For starters, the Mediterranean diet actually is an amalgam of many different cultures and nations.
There’s the saffron-infused rice dishes of Spain, the cinnamon spiced poultry dishes of Morocco,
the spicy gyros from Greece, the pastas from Italy and the hearty bean stews of France. And that’s
just the tip of the culinary iceberg.
The common thread that weaves its way through the Mediterranean diet, like the Japanese diet, is
also known to be heart healthy.
So as time passes and we spring forward into a new season, so too should we try the Mediterranean
“But Ryan” you ask, “where do I start?” should I go to Alejandro’s for its paella and tapas? Or do I
make reservations at Kokkari Estiatorio for its hearty Greek fare? Or do I simply start at one end of
North Beach and work my way through the myriad of Italian restaurants? Or simpler yet, should I
just visit the neighborhood deli owned by the Middle Eastern couple to pick-up falafels, hummus,
and spanakopita? So many decisions to make with so little time…and money.

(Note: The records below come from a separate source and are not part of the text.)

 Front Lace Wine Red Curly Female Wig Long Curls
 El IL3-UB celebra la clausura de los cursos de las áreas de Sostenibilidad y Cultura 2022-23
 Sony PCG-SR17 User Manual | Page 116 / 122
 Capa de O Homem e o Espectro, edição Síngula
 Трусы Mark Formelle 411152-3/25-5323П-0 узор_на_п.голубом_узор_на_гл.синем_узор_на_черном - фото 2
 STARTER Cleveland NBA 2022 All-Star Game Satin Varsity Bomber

My answer is simply to visit la Mediterranee. There are three locations in the Bay Area, one in
Berkeley and two in The City. For starters they serve the traditional hummus – a spread made from
chickpeas (garbanzo beans), sesame paste, garlic and olive oil; Baba Ghanoush – a spread made
from roasted eggplant, olive oil and various spices; Tabouleh – bulgur wheat mixed with lemon
juice, olive oil and lots of chopped parsley; and Dolmas – rice and herb stuffed grape leaves steamed
in broth and olive oil.
They also serve a variety of salads and cheese, although at la Mediterranee it’s goat cheese. Goat
cheese? Isn’t that the crumbly white stuff that doesn’t exactly taste like Kraft American? Why yes.
But that’s the beauty of the Mediterranean diet. Mixed with different spices, olive oil and garlic, it
enhances the final dish. The solitary French horn playing may not sound great but throw in a little
strings, woodwinds, brass and percussion and you now have a symphony.

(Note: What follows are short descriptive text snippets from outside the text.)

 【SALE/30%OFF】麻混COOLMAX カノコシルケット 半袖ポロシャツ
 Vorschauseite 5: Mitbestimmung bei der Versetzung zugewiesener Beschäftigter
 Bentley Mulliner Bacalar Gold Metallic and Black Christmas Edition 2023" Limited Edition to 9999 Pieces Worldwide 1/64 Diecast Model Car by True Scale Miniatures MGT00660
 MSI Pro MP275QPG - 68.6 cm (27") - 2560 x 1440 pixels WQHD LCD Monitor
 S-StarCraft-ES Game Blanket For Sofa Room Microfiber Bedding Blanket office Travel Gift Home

Moving on to la Mediterranee’s specialties they have Levant Sandwiches – Levantine bread rolled
with cream cheese, herbs and vegetables – a refined version of the supermarket hye-roller sandwich.
The Lule Kebab consists of ground lamb mixed with parsley and various spices served on rice pilaf.

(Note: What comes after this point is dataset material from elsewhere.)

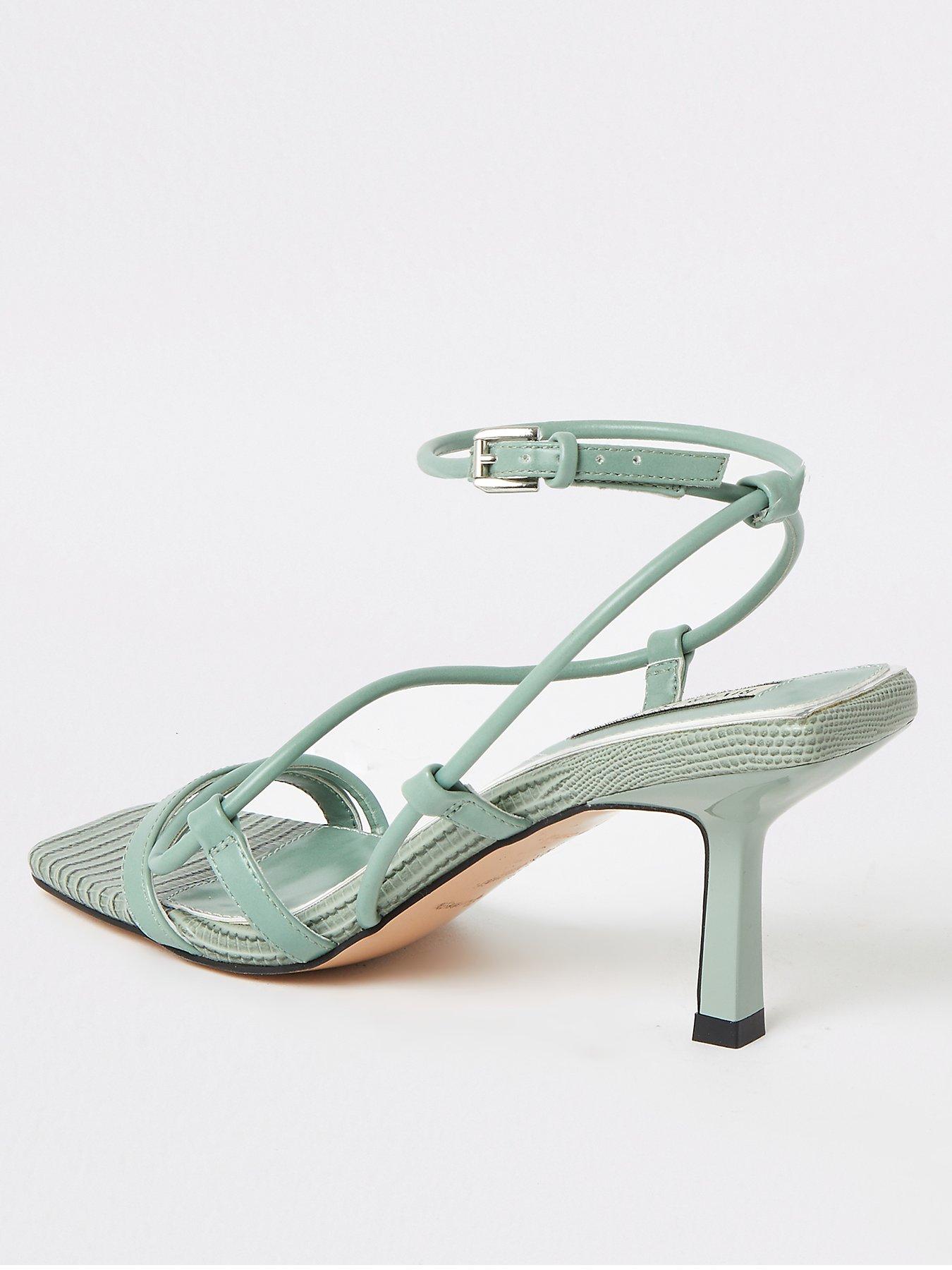 sage green flip flops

The Chicken Pomegranate are meaty drumsticks marinated in a pomegranate sauce then baked
with herbs. There’s also an assortment of fillo dough specialties – the thin dough used in baklava
that’s baked to a golden crisp. Fillings may include cheese and herbs or chicken mixed with
almonds, chickpeas, raisins and cinnamon (my favorite) or spinach and feta cheese or ground beef
with pine nuts and spices.
They also offer several vegetarian dishes – alone or in combination as well as combination meat
plates. For those with hearty appetites, my recommendation is the Mediterranean Meza (served for
two or more). For $12.95 per person, it includes almost everything mentioned thus far (10 dishes
total!). If this sounds too excessive, they also offer several lunch specials (all under $7) that include
salad and Armenian potato salad.
By the way, they also serve several dessert selections but in all honesty, I’ve never made it that far
after the Mediterranean Meza. It’s usually open the door and let me roll down Fillmore all the way
back to the Miyako Hotel.

la Mediterranee is located at:

2210 Fillmore St. (Fillmore @ Sacramento) San Francisco, CA 94115.
Phone: (415) 921-2956.
Hours: Tuesday – Thursday & Sunday (11 a.m. – 10 p.m.)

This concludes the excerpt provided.